EXERCISE OBJECTIVE: Work through the listing below and give again exactly the lines from the one with "Snowpearl Stainless Steel" to the one with "Угловой диван Аристократ", both ends included. All other lines and all pictures stay out.

EXTRACTED DATA:
☆ ☆ ☆
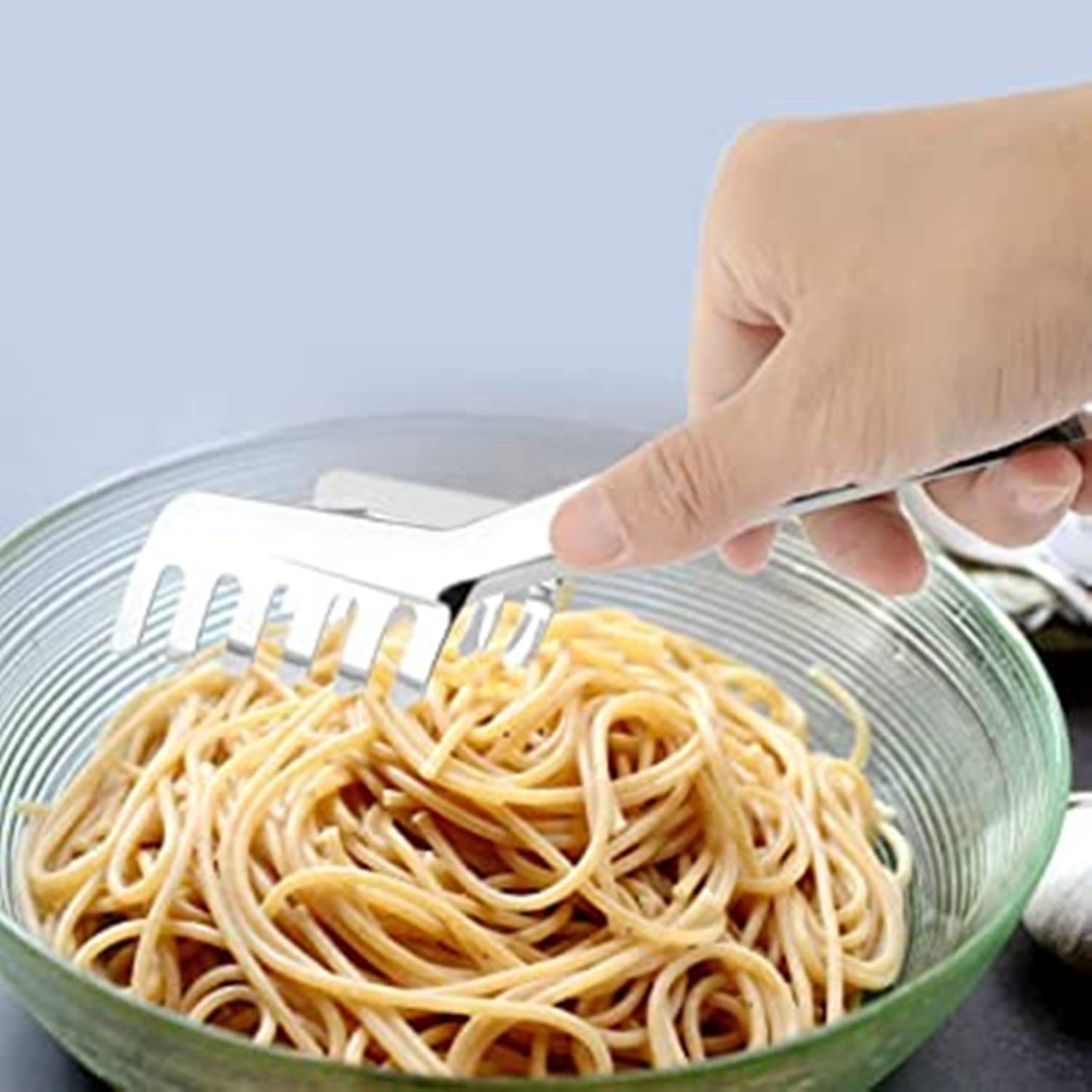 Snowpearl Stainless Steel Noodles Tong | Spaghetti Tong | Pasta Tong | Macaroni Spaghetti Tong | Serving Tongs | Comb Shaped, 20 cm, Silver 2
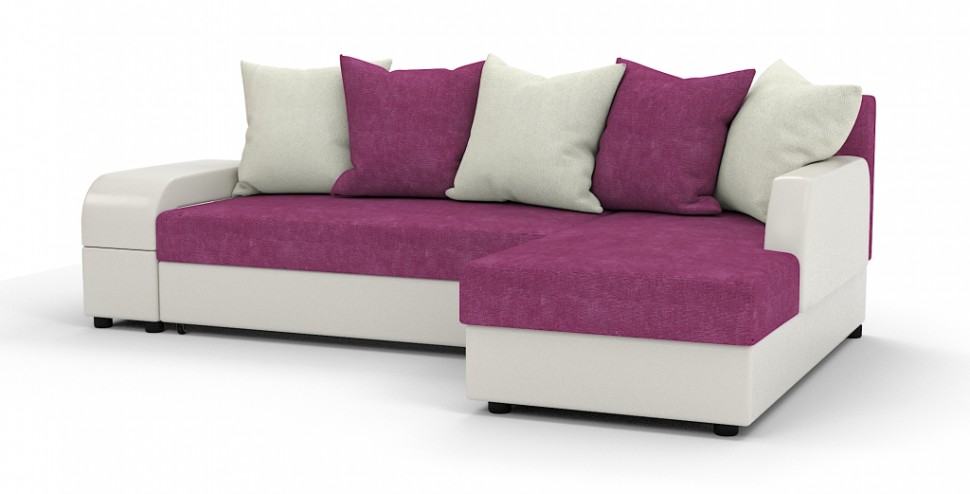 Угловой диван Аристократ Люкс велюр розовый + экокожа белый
☆ ☆ ☆
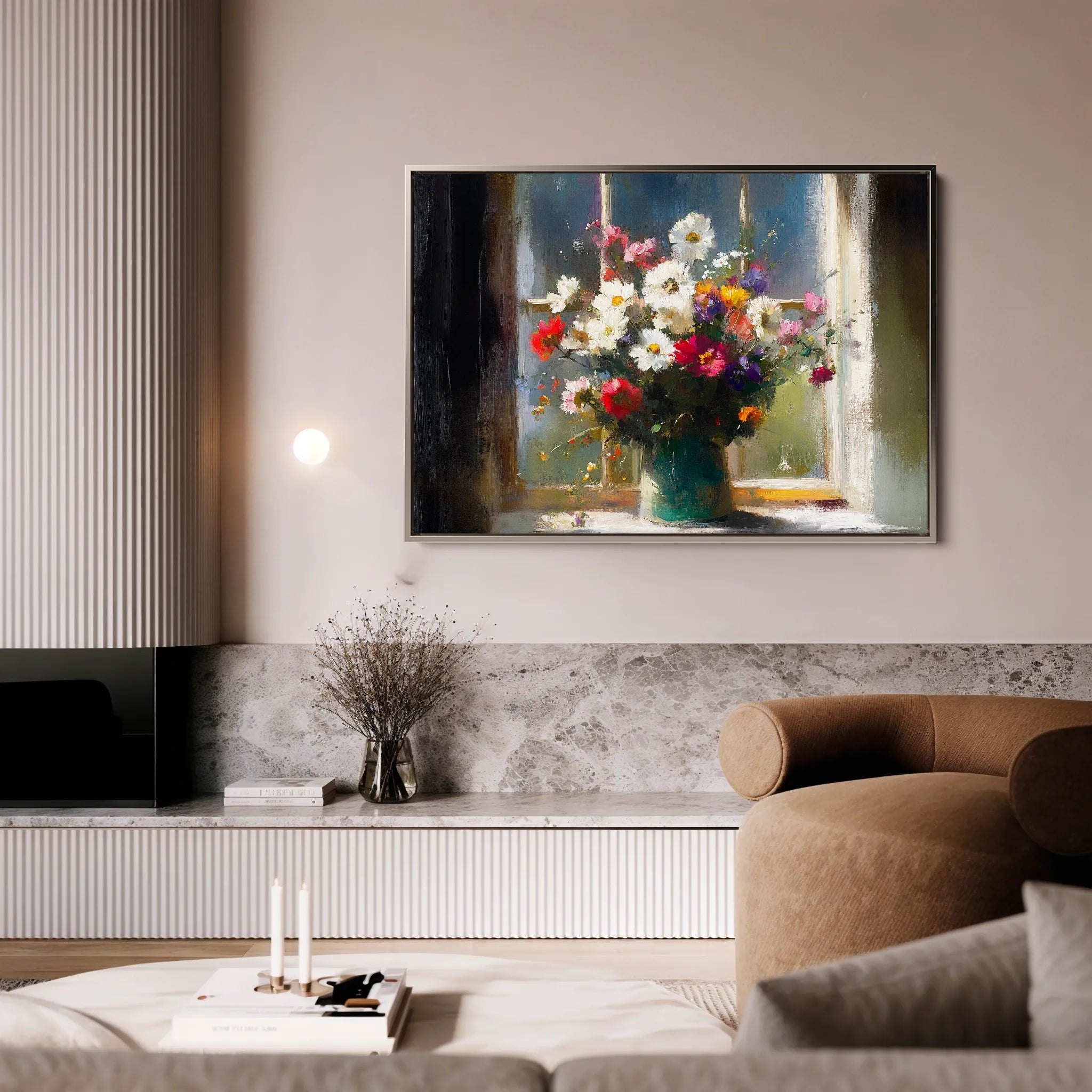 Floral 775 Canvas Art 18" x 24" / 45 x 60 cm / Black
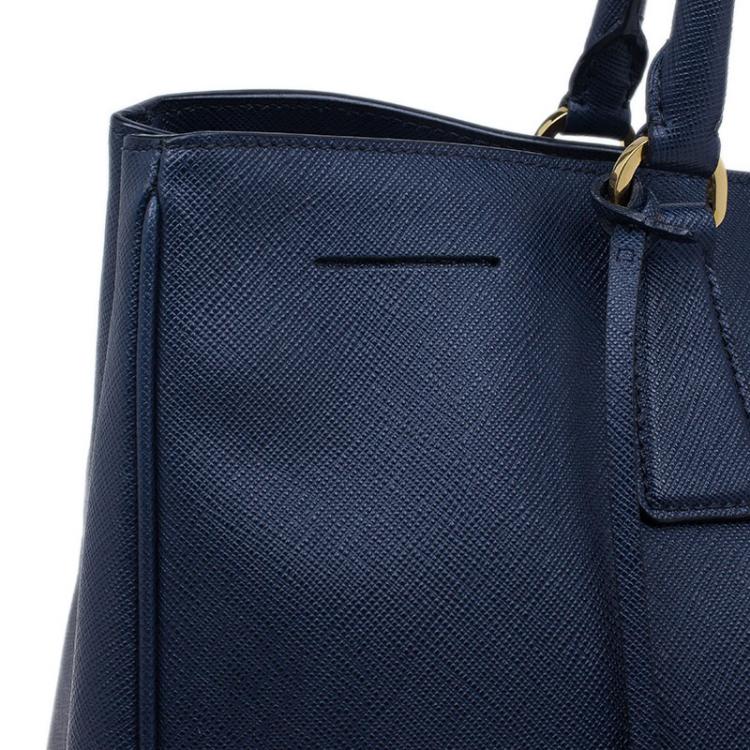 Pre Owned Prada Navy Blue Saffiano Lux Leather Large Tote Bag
☆ ☆ ☆
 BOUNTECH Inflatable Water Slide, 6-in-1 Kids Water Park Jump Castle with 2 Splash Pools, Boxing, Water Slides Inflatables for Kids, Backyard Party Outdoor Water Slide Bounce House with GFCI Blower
☆ ☆ ☆
RESPONSE:
 Snowpearl Stainless Steel Noodles Tong | Spaghetti Tong | Pasta Tong | Macaroni Spaghetti Tong | Serving Tongs | Comb Shaped, 20 cm, Silver 2
 Угловой диван Аристократ Люкс велюр розовый + экокожа белый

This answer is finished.